▶ **What needs to be done**:
Exactly the lines from the line with "ティビアOKだ ファブリック (クローズアップ)" through the final line of the records below, both ends included, are to be set down. Do not include pictures.

▶ **Web page caption snippets**:

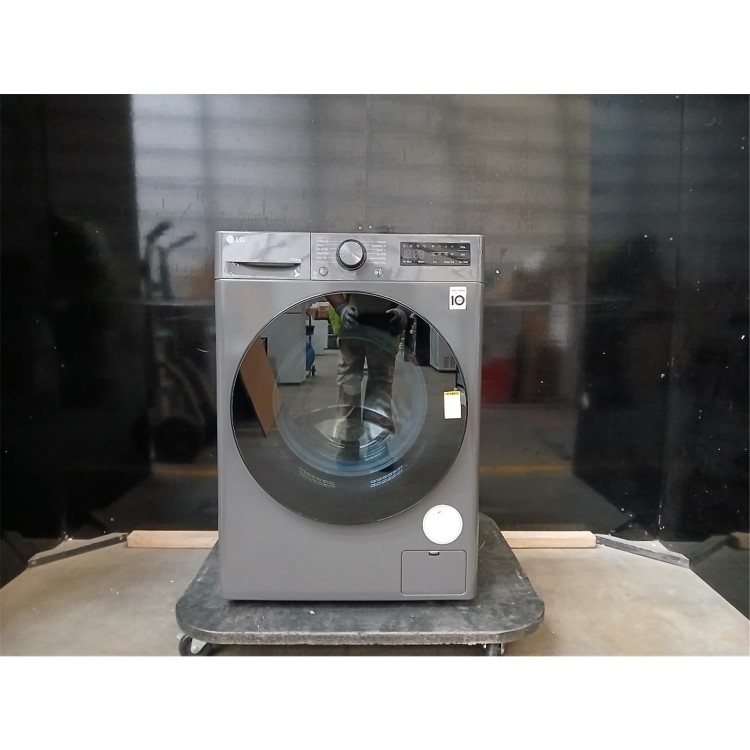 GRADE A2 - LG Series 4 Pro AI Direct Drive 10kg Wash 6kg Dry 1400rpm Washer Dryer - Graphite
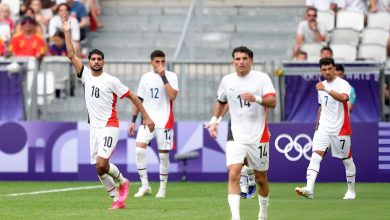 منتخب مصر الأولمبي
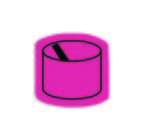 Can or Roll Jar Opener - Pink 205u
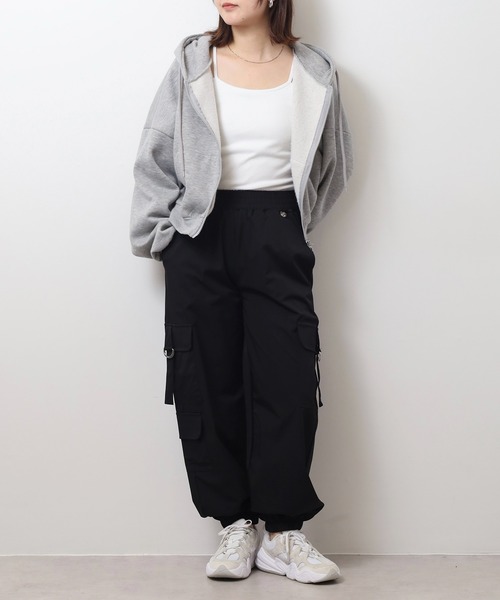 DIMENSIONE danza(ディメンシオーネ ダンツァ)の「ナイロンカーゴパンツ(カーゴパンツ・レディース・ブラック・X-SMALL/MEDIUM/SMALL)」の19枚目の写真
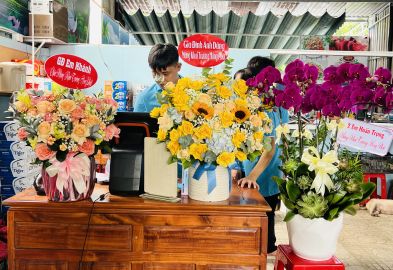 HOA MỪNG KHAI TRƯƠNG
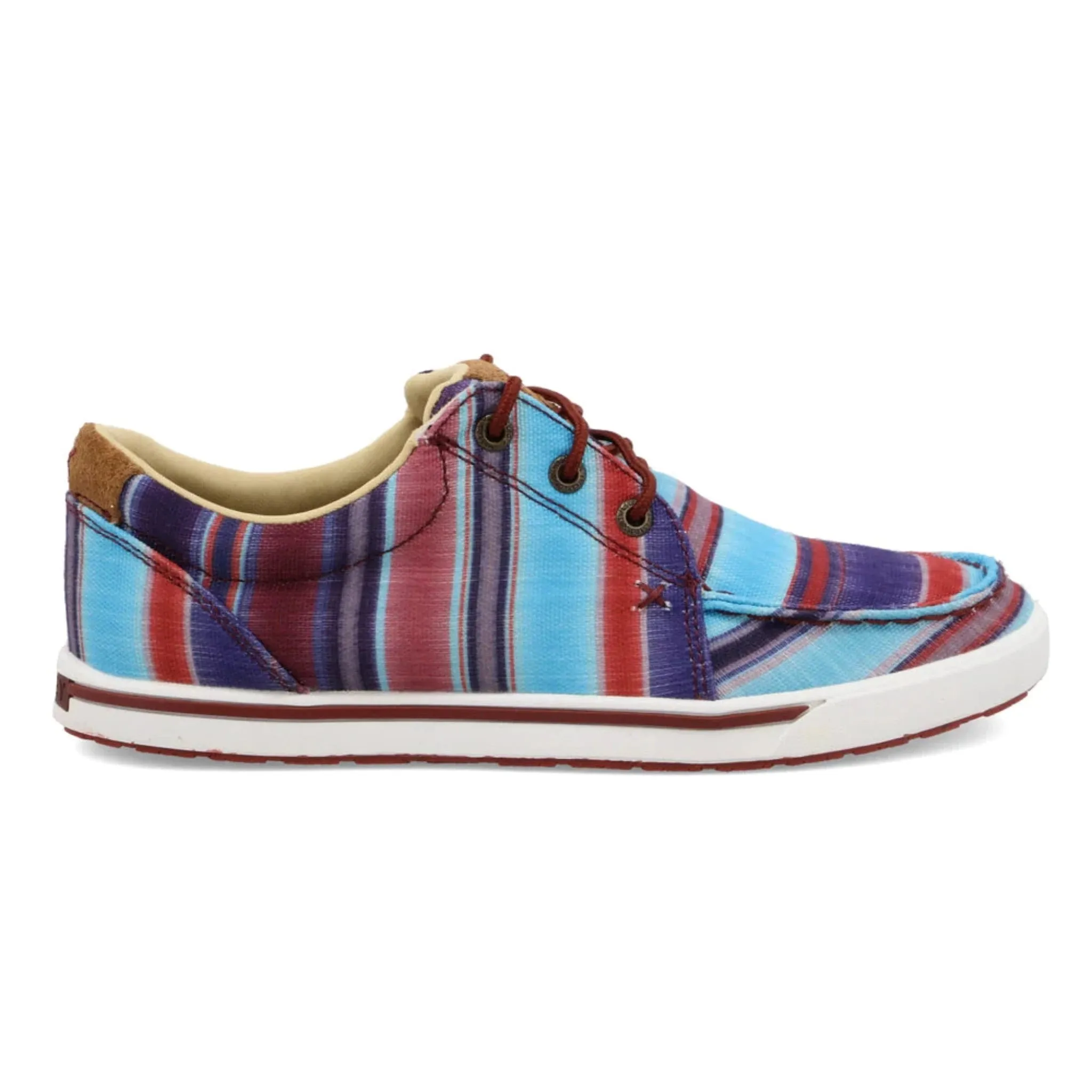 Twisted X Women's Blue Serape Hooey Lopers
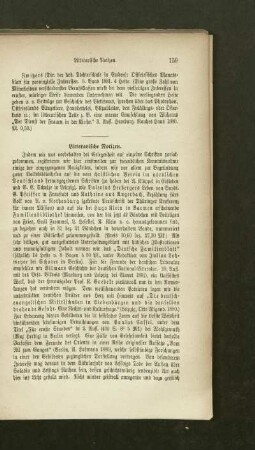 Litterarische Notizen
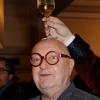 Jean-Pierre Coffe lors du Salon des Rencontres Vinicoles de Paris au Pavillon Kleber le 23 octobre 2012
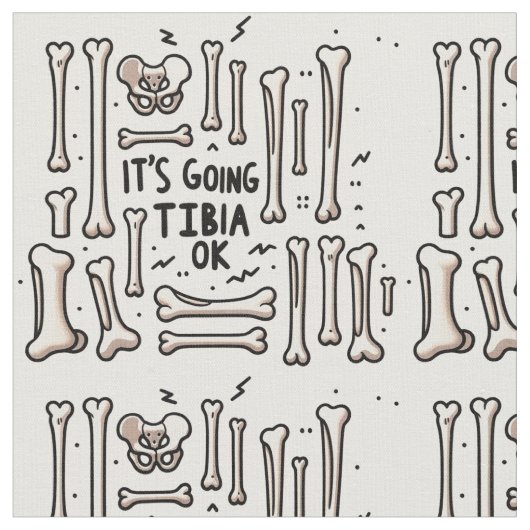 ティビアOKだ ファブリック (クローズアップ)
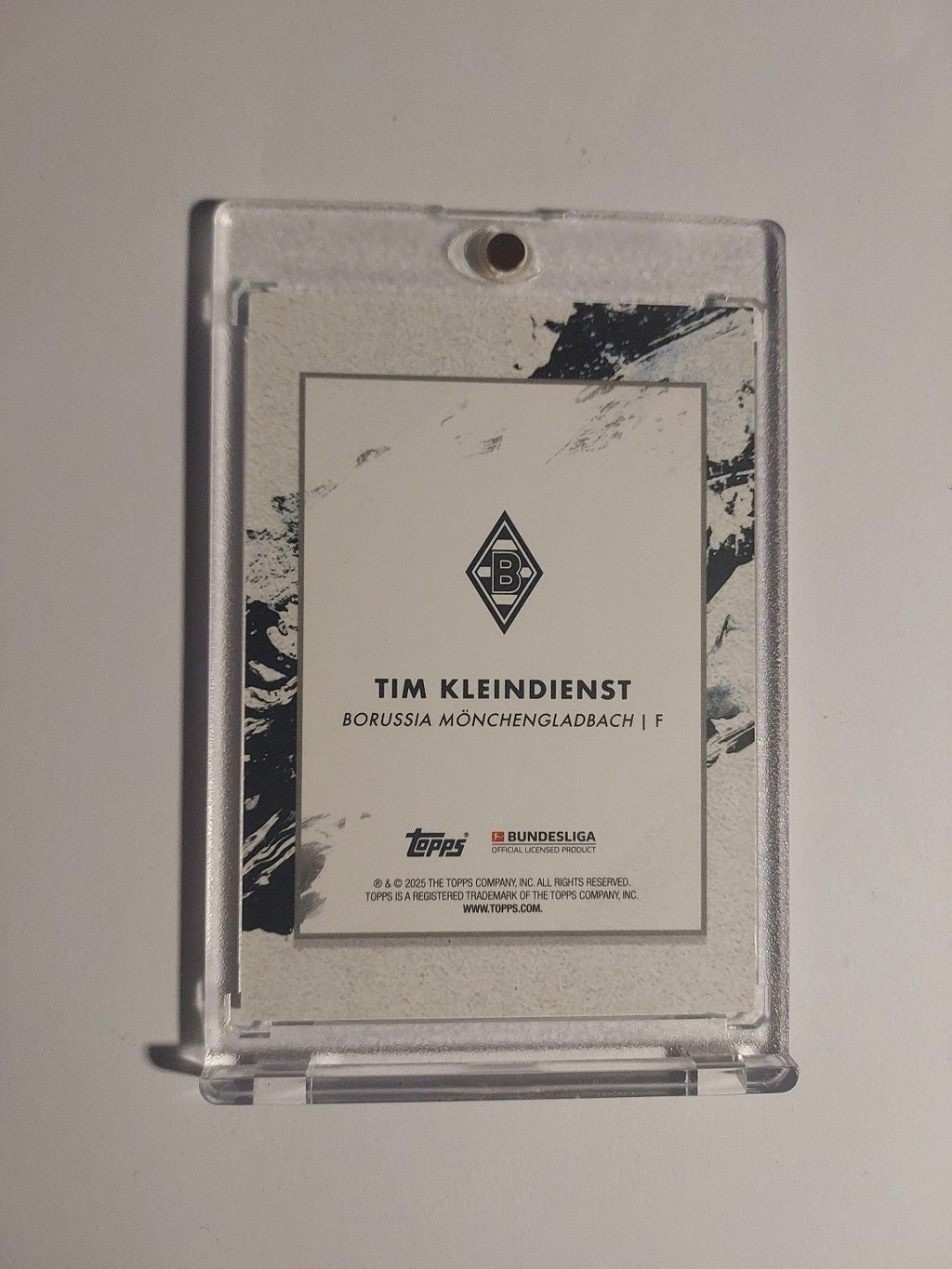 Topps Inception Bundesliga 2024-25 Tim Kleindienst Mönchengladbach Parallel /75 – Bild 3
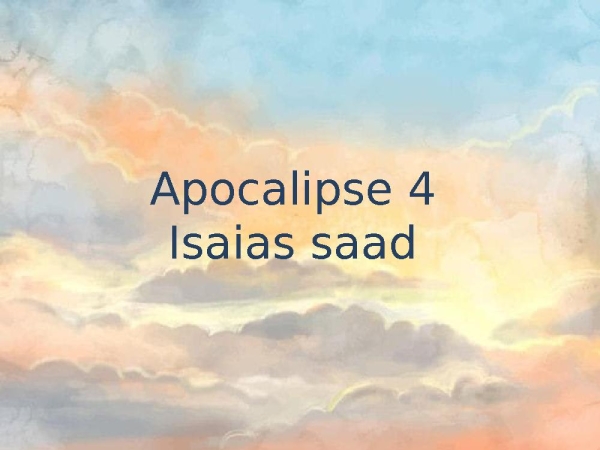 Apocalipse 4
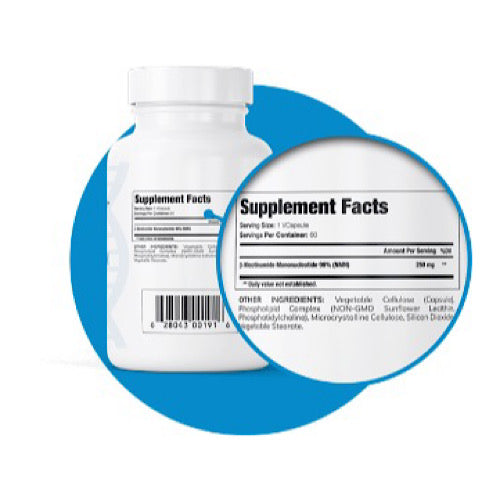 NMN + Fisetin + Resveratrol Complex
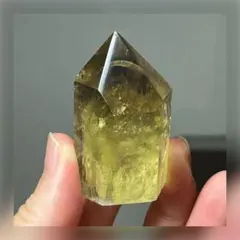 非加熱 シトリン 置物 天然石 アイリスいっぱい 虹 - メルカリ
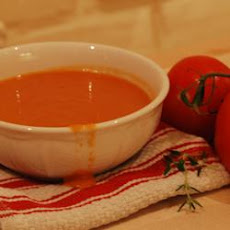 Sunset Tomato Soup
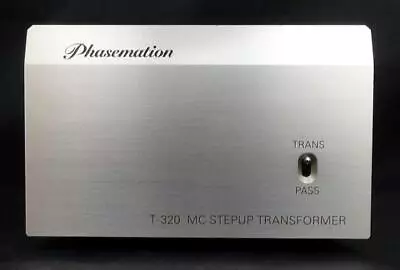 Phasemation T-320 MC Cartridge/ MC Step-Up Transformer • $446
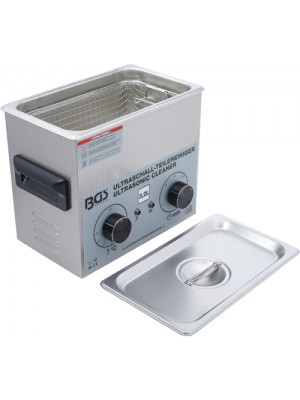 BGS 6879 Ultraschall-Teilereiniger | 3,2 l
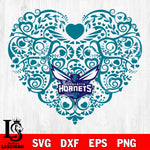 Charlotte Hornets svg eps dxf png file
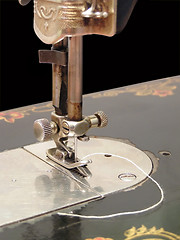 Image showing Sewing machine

▶ **Reply to the task**:
 ティビアOKだ ファブリック (クローズアップ)
 Topps Inception Bundesliga 2024-25 Tim Kleindienst Mönchengladbach Parallel /75 – Bild 3
 Apocalipse 4
 NMN + Fisetin + Resveratrol Complex
 非加熱 シトリン 置物 天然石 アイリスいっぱい 虹 - メルカリ
 Sunset Tomato Soup
 Phasemation T-320 MC Cartridge/ MC Step-Up Transformer • $446
 BGS 6879 Ultraschall-Teilereiniger | 3,2 l
 Charlotte Hornets svg eps dxf png file
 Image showing Sewing machine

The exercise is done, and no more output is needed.